Arguably the main problem, however, was not the move but the 20 minutes it took to play, with the 21-year-old Bulgarian finding herself almost an hour behind on the clock. When she later chose to give up a pawn, she was on the ropes, and Assaubayeva went on to score a confident win.
The win for 24-year-old Greek IM Tsolakidou, who describes this as her first year as a professional chess player after completing her studies, came in a game that initially looked likely to be a quick opposite-colored-bishop-endgame draw. "I’m slightly better and I decided to push," she revealed, and it worked out perfectly, as 37-year-old Mongolian IM Batkhuyag Munguntuul eventually made a decisive mistake in an uncomfortable, but still defendable, position.
The final win of the day came for the top seed, former women's world champion Tan Zhongyi. The 33-year-old women's world number-three will play GM Ju Wenjun in 2025 for a chance to regain the title, and she looks to be in top form. She followed up winning the FIDE Women's Candidates by winning the Cairns Cup and then the Belt and Road tournament in China.
In round one in Shymkent, she owed her victory to incredible persistence. Paehtz's knight sacrifice on move 33 of an Alapin Sicilian was flawed, but she went on to build a fortress. Tan kept pressing, however, and eventually broke through after a rook that was stuck on b7 for 40 moves moved unnecessarily. By the end, Tan was required to prove she could checkmate with a knight and rook vs. a bare king.
Another former women's world champion, GM Anna Ushenina, had once failed at that task, but Tan made no mistake, with Paehtz resigning on move 107.
The two games that were drawn were the two clashes where players from the same country were deliberately paired against each other, a regulation aimed at reducing the risk of collusion later in the event when players know what results they need. Sometimes that means quiet draws, but in this case we saw nothing of the sort.
Indian numbers one and two, GMs Koneru Humpy and Divya Deshmukh, played an equal game that fizzled out into a logical draw, but only after an intense fight.

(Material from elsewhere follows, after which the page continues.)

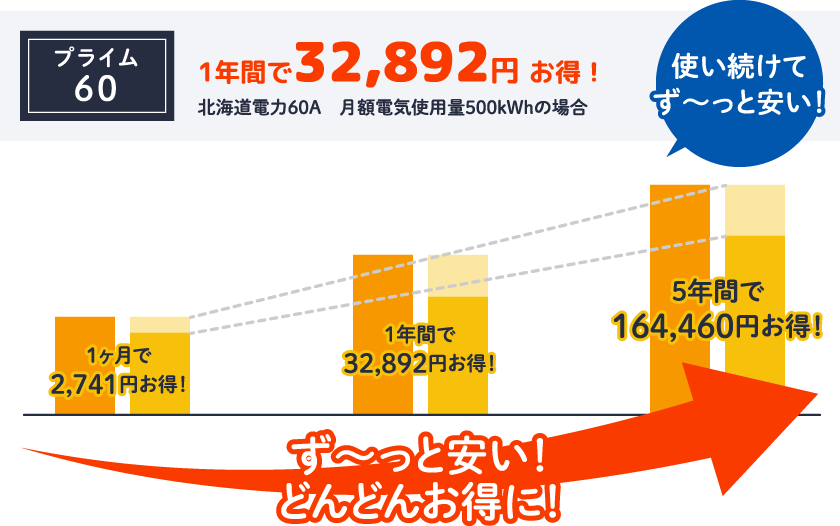 基本料金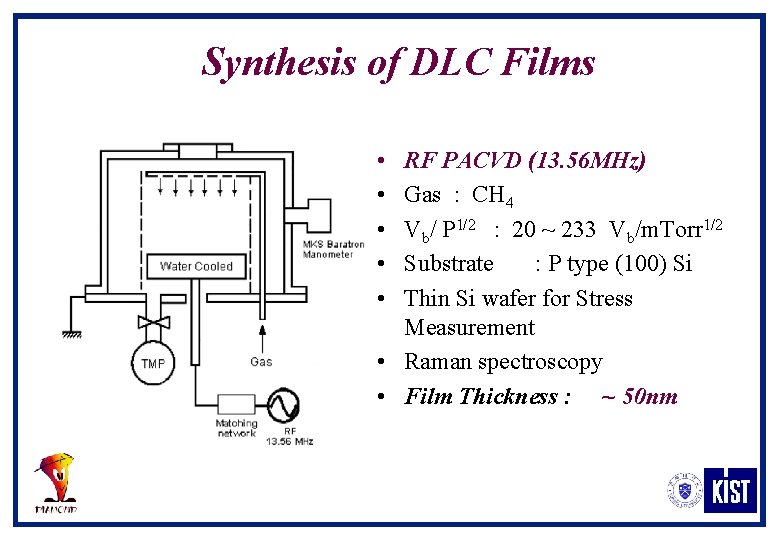 Synthesis of DLC Films • • • RF PACVD (13. 56 MHz) Gas :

Meanwhile the battle between world numbers five and seven, GM Kateryna Lagno and Aleksandra Goryachkina, seemed sure to end decisively after Lagno won the opening battle by surprising with the Italian and then the rare move 6.h3. Up to a point she played almost perfectly, despite her own doubts, but one mistake in mutual time trouble, and the lion's share of her advantage slipped away.
None of the leaders clash in Thursday's round two, so Tan, Assaubayeva, and Tsolakidou can all potentially reach 2/2.
Round 2 Pairings
How to watch?
You can watch the broadcast on FIDE's YouTube channel. The games can also be checked out on our dedicated 2024 Shymkent FIDE Women's Grand Prix events page.
The live broadcast was hosted by IM Irine Sukandar and GM Evgenij Miroshnichenko.
The 2024 Shymkent FIDE Women's Grand Prix is the second of six legs of the 2024-2025 FIDE Women's Grand Prix. The 10-player round-robin runs October 30-November 8 in Shymkent, Kazakhstan. Players have 90 minutes, plus 30 minutes from move 40, with a 30-second increment per move. The top prize is €18,000 (~$20,000), with players also earning Grand Prix points. Each of the 20 players competes in three events; the top two qualify for the 2026 FIDE Women's Candidates Tournament that decides the World Championship challenger.